I would expect that the events were probably as follows....
CIA realises they have been PWND because of lax security and the conversations goes.....
"We need to save face who can we stick this on, if congress finds out we are actually shit at security our budget will get cut"
"What about that guy that quit last month, the one thats a complete asshole?"
"yeah he will do, he runs a web server, set some bods putting a load of kiddie porn on it to help set up his image as a bastard in the media"
"righto boss"
"set some other people on coming up with a suitable complicated story to confuse a jury into convicting him"
"Already on it boss"
"ok tip off the FBI over the kiddie porn then we will also arrest him with our story about how hes magic and theres noone who could have stopped him unless we had more budget"
And while we use the fake kiddie porn to keep him out of circulation, we can gin up all the necessary fake logs needed to convict him of the espionage crimes. It wouldn't do to have him on the loose, interfering with that.
Things like this create something like Maxwell Smart saying "ah yes 99, the old kiddie porn trick".
Sure, it's believable that some wackos are into that - but the percentage of people who have offended
the government that also have kiddie porn seems like it's way, way too high to reflect reality.
I rather doubt that near 100% of criminals are into kiddie porn - that seems to be the specialty of
politician-criminals and enablers who didn't kill themselves.
and yet still has an account on a super secret CIA computer?
Did I read that right?
yet my account at work would be locked down 5 secs after I leave the building with P45 in hand... gone over and then deleted within a week.....
Something smells here...... and it aint the content of my underpants
The Oncoming Scorn,
You are correct.
In a previous role, as the one who did the 'locking down', I would be told the day before at the latest !!!
The soon to be 'Ex-employee' would find they could not log in, usually after being intercepted by a manager on the way in and told the 'good news'.

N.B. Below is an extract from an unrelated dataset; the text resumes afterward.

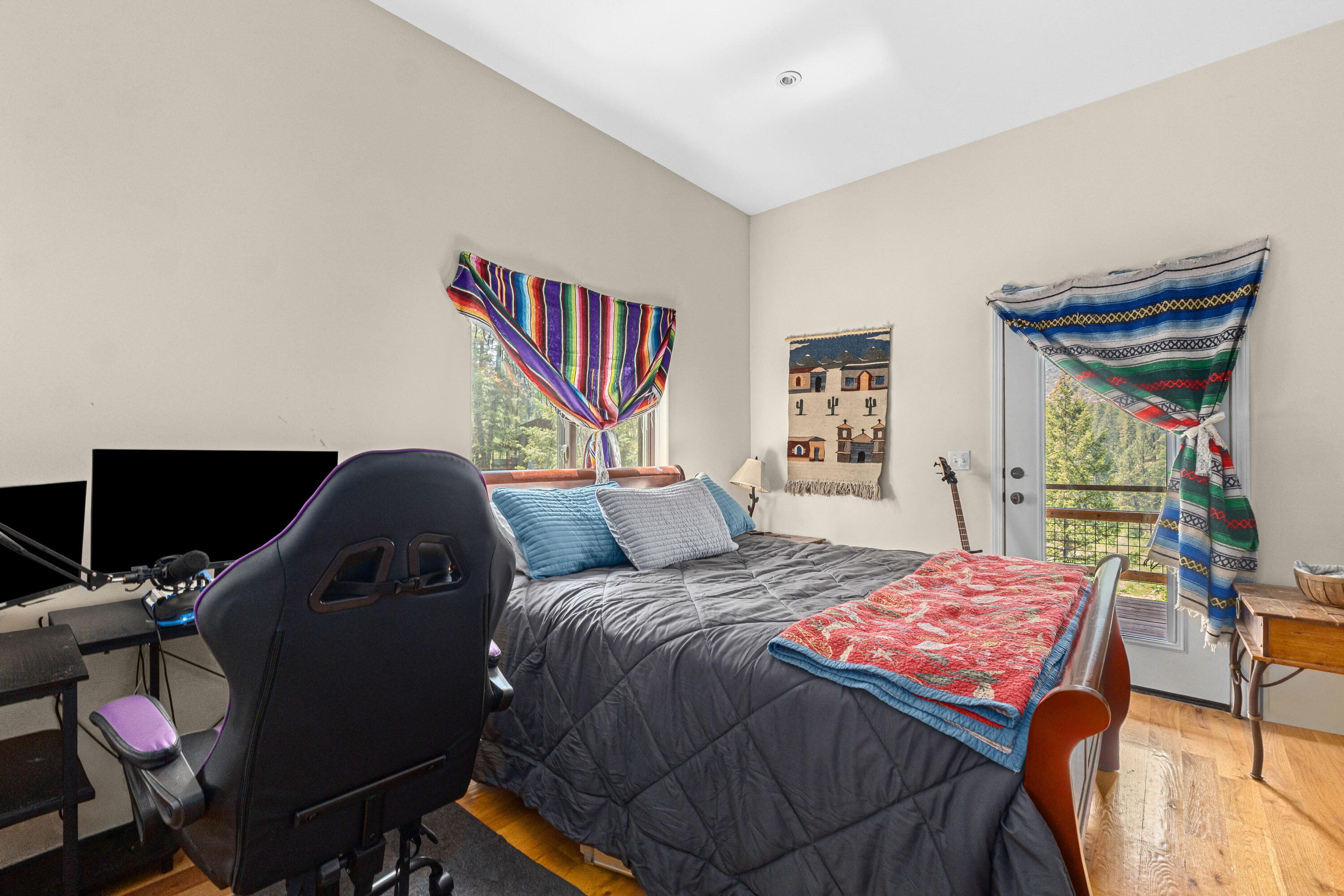 
                        Property photograph at
                        3733 V SAND CREEK RD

Not nice to be involved but I was the senior Techie/Manager and was able to lock out *any* user, if needed.
This covered all internal & remote access and HR would 'kill' all company credit cards/Fuel Cards etc.

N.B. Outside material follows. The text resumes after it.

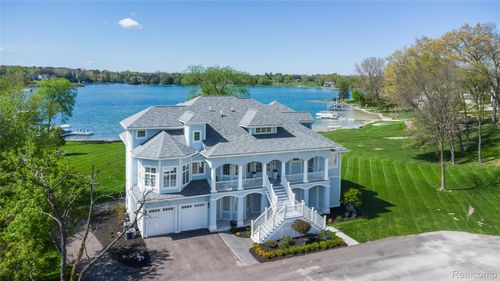 10195 Bennett Lake Rd, Fenton, MI, 48430-8734 | Card Image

All outstanding claims for expenses etc would be submitted on 'Paper based' forms, so NO computer access would be necessary.

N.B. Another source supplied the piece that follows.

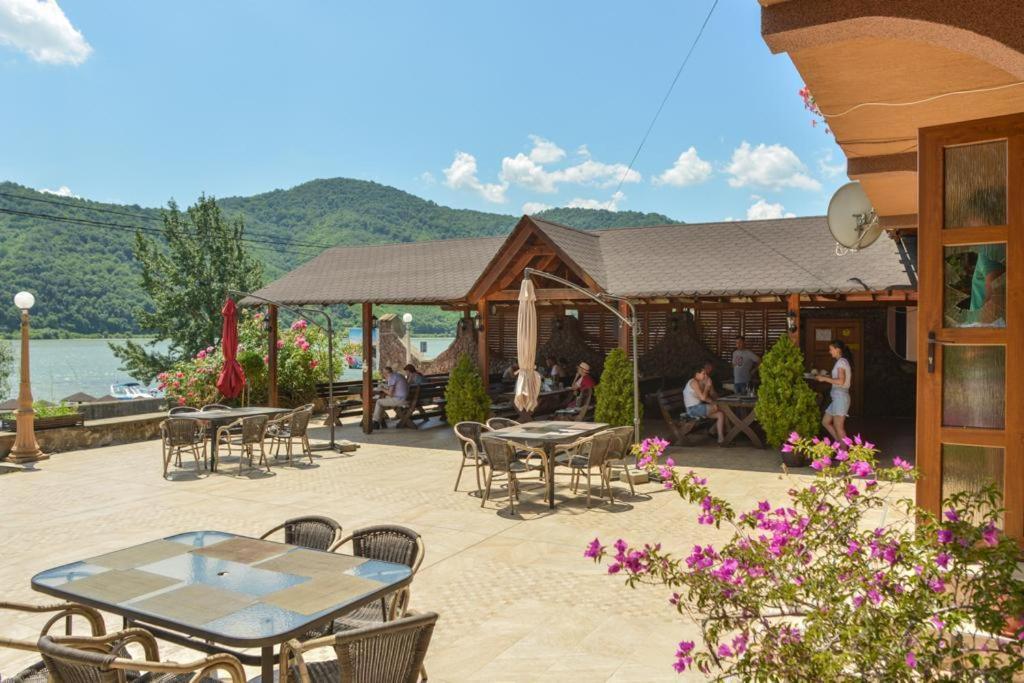 Pensiunea Deian-Clisura Dunarii Moldova Noua Bagian luar foto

Don't piss off the CIA/NSA/Mossad/etc. because they don't have to kill you in a dark alley. They merely need to put child porn on your computer or phone and you'll wish you were dead once you get to prison.
Yes yes I have no idea if he really was a pervo or not, but it seems suspicious how many similar cases also involve child porn. Unless there's some correlation we're all missing, that just doesn't pass the smell test given the (hopefully as low as it appears) percentage of pedophiles in the overall population.
Not just that they're shit at basic It security by the accountants presented above and in the article...
Question is are yours big and brassy enough to take a crack at it and find out? Would hate for your server to suddenly have gross indecent material appear on it....
.... this could not have happened within that architecture, and while I required some level of security clearance, the contents were not as important.
So, our secure environment was VPNd off from the regular network and I had a separate credentials to authenticate to the VPN, and that was provided by a system I didn't have admin rights to, the network team managed that, so I wouldn't have been able to cover my tracks there, my access would have been time stamped. 2nd, the bit I looked after was in multiple tiers, and some servers could only be accessed from others, there would be three levels of access logs to clear. A lack of a login here would be a gaping hole when compared against the VPN logs. 3rd, we monitored the systems and got automated alerts if anything rebooted, stopped responding, etc.
So we're supposed to buy into the notion that the system that was compromised was monolithic, and could be rolled back in it's entirety, and that it's not monitored, it could reboot or go offline and nobody would notice?